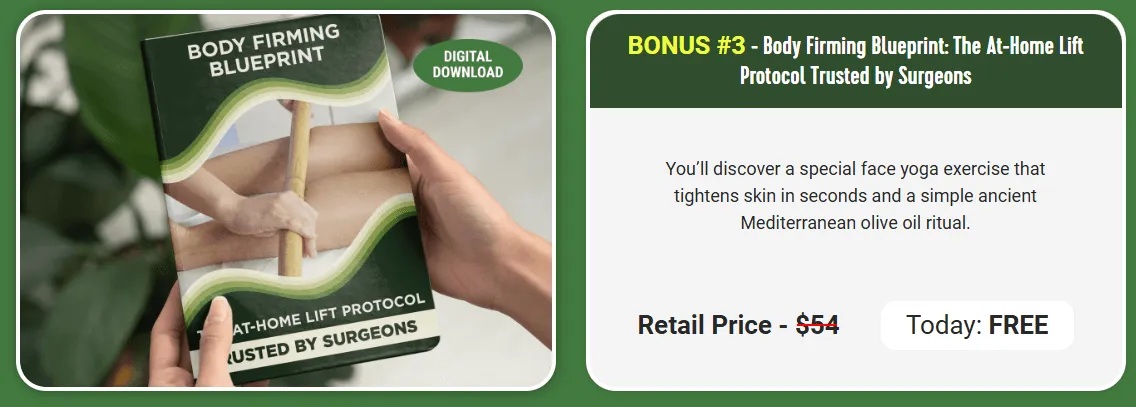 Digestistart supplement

○ ○ ○ ○ ○

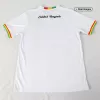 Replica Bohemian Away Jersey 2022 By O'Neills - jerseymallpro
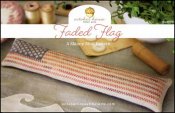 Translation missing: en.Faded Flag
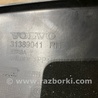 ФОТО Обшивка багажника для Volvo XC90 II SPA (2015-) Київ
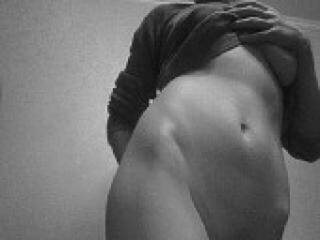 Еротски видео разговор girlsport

○ ○ ○ ○ ○

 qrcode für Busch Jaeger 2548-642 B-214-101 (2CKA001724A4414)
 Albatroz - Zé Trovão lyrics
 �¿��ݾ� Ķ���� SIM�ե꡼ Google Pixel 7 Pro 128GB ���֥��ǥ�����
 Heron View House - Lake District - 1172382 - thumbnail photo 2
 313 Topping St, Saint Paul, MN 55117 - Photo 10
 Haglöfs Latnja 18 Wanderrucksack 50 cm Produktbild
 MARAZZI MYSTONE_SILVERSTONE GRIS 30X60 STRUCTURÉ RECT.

○ ○ ○ ○ ○

From the records above, copy out the line with "Heron View House", the line with "MARAZZI MYSTONE_SILVERSTONE GRIS", and every line between them, word for word.

◆ Answer section:
 Heron View House - Lake District - 1172382 - thumbnail photo 2
 313 Topping St, Saint Paul, MN 55117 - Photo 10
 Haglöfs Latnja 18 Wanderrucksack 50 cm Produktbild
 MARAZZI MYSTONE_SILVERSTONE GRIS 30X60 STRUCTURÉ RECT.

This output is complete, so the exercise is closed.